» Exercise directions
Beginning with the line that contains "Babaton Contour Henley", print each line to the end of the data exactly. Omit the pictures.

BEGIN

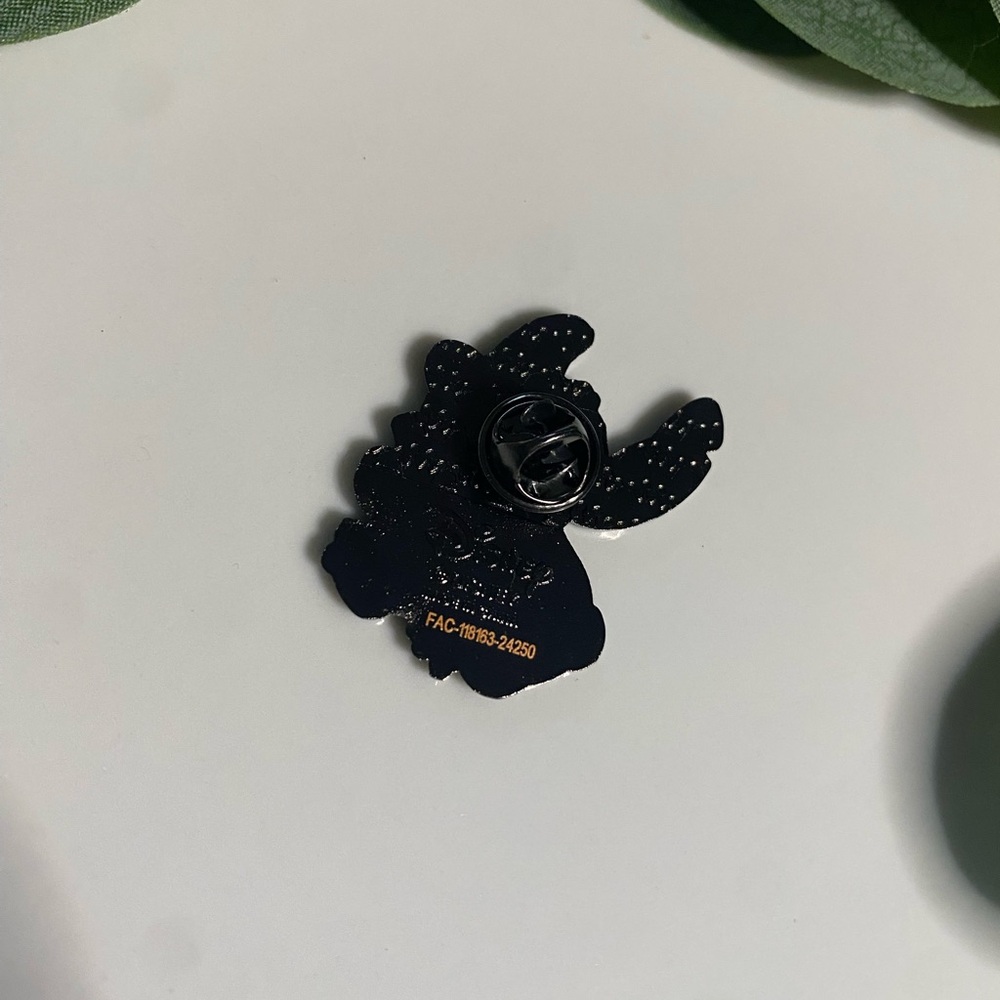 🍦 Disney Loungefly Mystery Pin – Stitch Eating Ice Cream (Lilo & Stitch) 🍦 - Picture 3 of 7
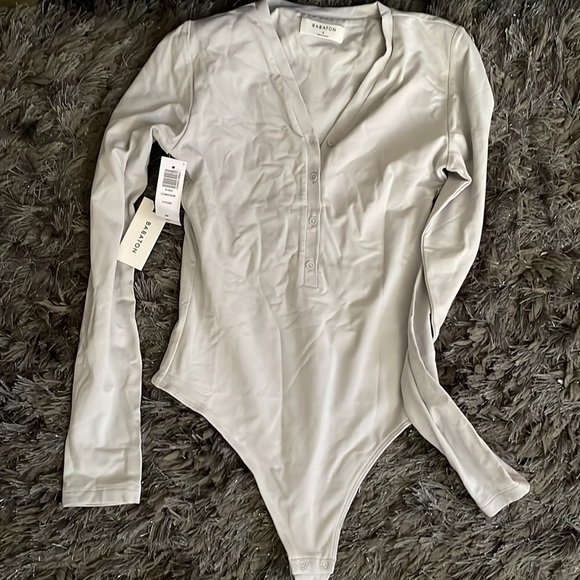 Babaton Contour Henley Longsleeve Bodysuit V-neck Chrome Size Xs - Picture 4 of 5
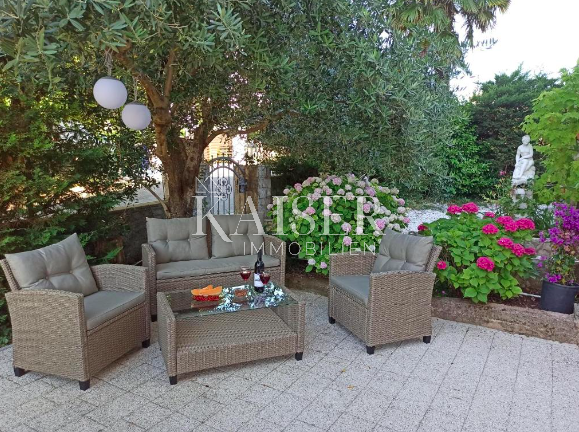 Otok Krk, Malinska - hiša s 6 apartmaji 300 m od morja
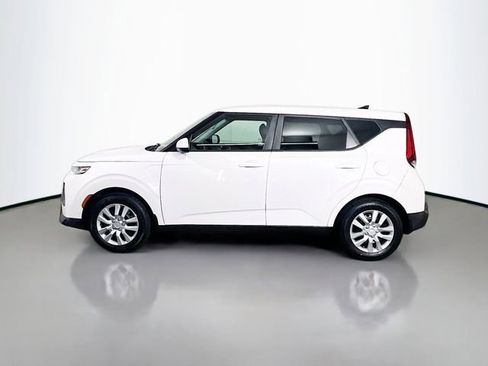 Used 2020 Kia Soul LX FWD image 6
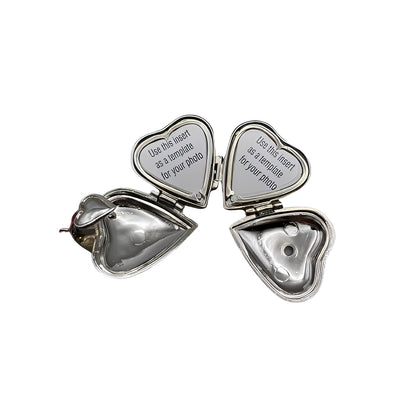 2003 Charming Hearts Hallmark Ornament (Charming Hearts) QXM4939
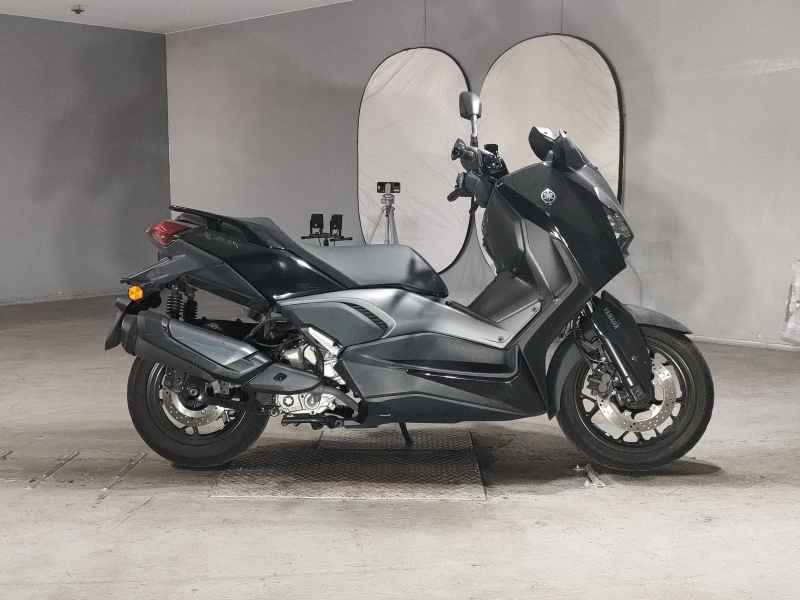 Yamaha XMAX 250 2025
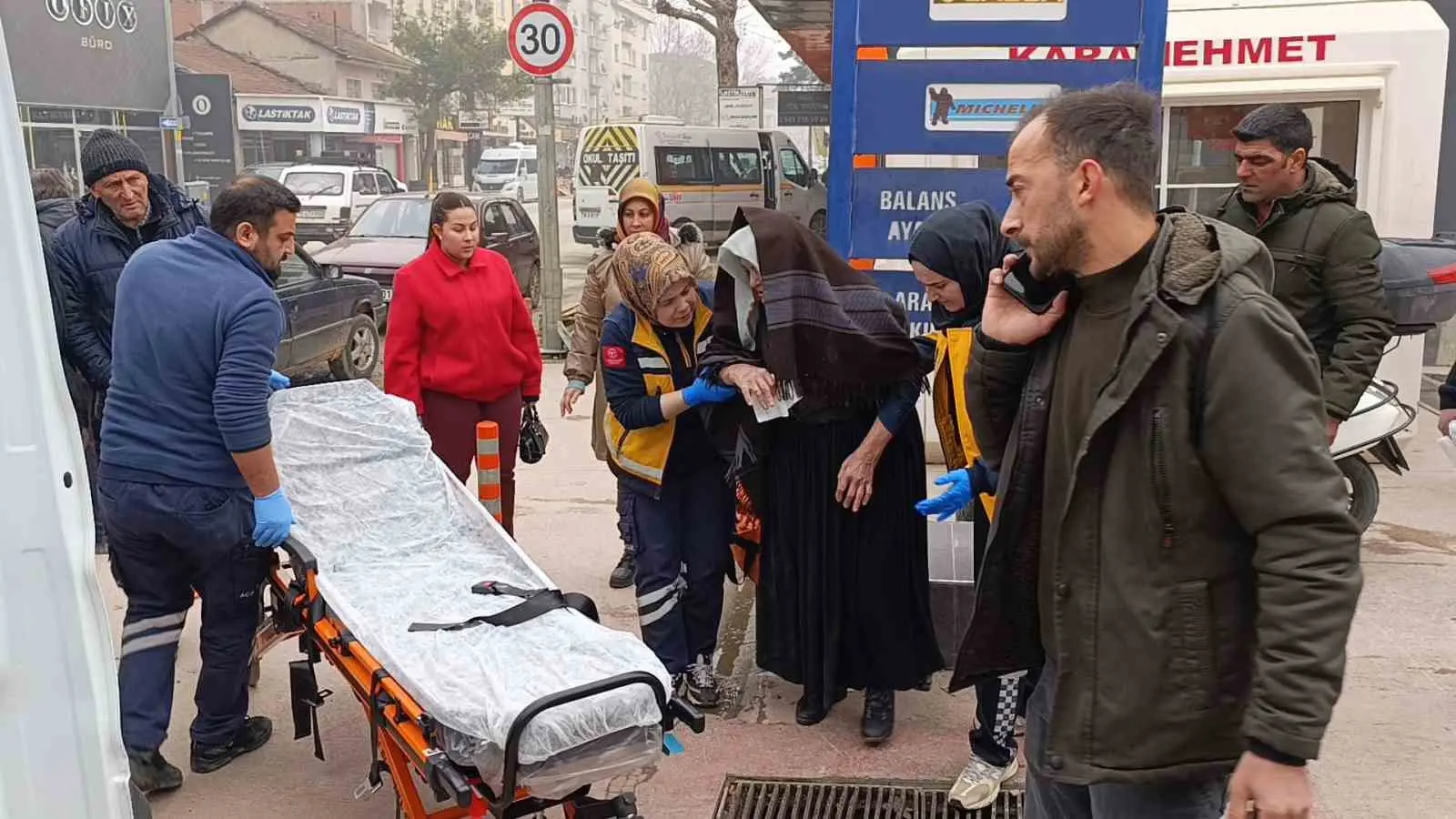 Bursa’nın İnegöl ilçesinde PTT Kargo minibüsünün çarptığı yaşlı kadın yaralandı.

END

» Answer for the task
 Babaton Contour Henley Longsleeve Bodysuit V-neck Chrome Size Xs - Picture 4 of 5
 Otok Krk, Malinska - hiša s 6 apartmaji 300 m od morja
 Used 2020 Kia Soul LX FWD image 6
 2003 Charming Hearts Hallmark Ornament (Charming Hearts) QXM4939
 Yamaha XMAX 250 2025
 Bursa’nın İnegöl ilçesinde PTT Kargo minibüsünün çarptığı yaşlı kadın yaralandı.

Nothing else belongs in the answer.